REl - 0600140-26.2024.6.21.0074 - Voto Relator(a) - Sessão: 02/10/2025 00:00 a 03/10/2025 23:59

VOTO

 

O recurso é adequado, tempestivo e comporta conhecimento.

Trata-se de recurso interposto por MARCIA ELISA KUNZ GONÇALVES, candidata ao cargo de vereadora do Município de Alvorada/RS, contra a sentença que desaprovou suas contas referentes às Eleições Municipais de 2024 e determinou o recolhimento de R$ 1.000,00 ao Tesouro Nacional, em razão da contratação de pessoa com vínculo de parentesco com a candidata. 

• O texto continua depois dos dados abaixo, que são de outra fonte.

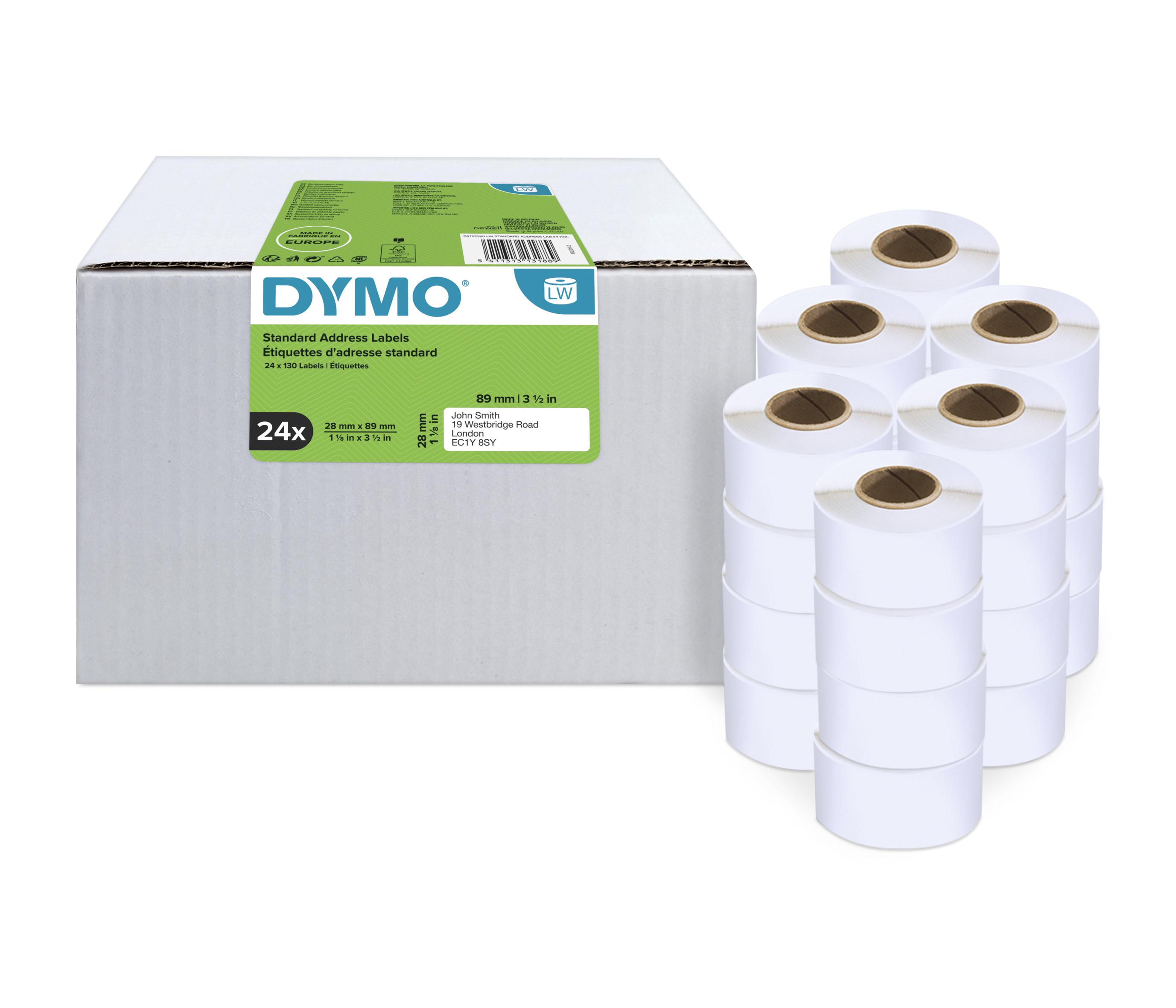 Dymo White Black Print Label, 28mm Width, 89mm Height, 130Per Roll Qty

A irregularidade que fundamenta o juízo de desaprovação decorre exclusivamente da contratação do filho da candidata para serviços de propaganda eleitoral de rua, analisada nos seguintes termos (ID 45946781):

A contratação de familiar, no caso filho, é considerada malversação dos recursos públicos, conforme jurisprudência correlata:

PRESTAÇÃO DE CONTAS. ELEIÇÕES 2022. CANDIDATO. SUPLENTE. DEPUTADO FEDERAL. OMISSÃO DE DESPESAS. NOTA FISCAL NÃO DECLARADA. CANCELAMENTO NÃO REALIZADO. CARACTERIZADO RECURSO DE ORIGEM NÃO IDENTIFICADA. CONTRATAÇÃO DE PARENTE COM RECURSOS PÚBLICOS. SOBREPOSIÇÃO DE INTERESSE PRIVADO. AUSENTE DOCUMENTAÇÃO COMPROVANDO O USO CORRETO DA VERBA PÚBLICA. PERCENTUAL ÍNFIMO DAS IRREGULARIDADES. INCIDÊNCIA DOS PRINCÍPIOS DA PROPORCIONALIDADE E DA RAZOABILIDADE. DETERMINAÇÃO DE RECOLHIMENTO DE VALORES AO TESOURO NACIONAL. APROVAÇÃO COM RESSALVAS.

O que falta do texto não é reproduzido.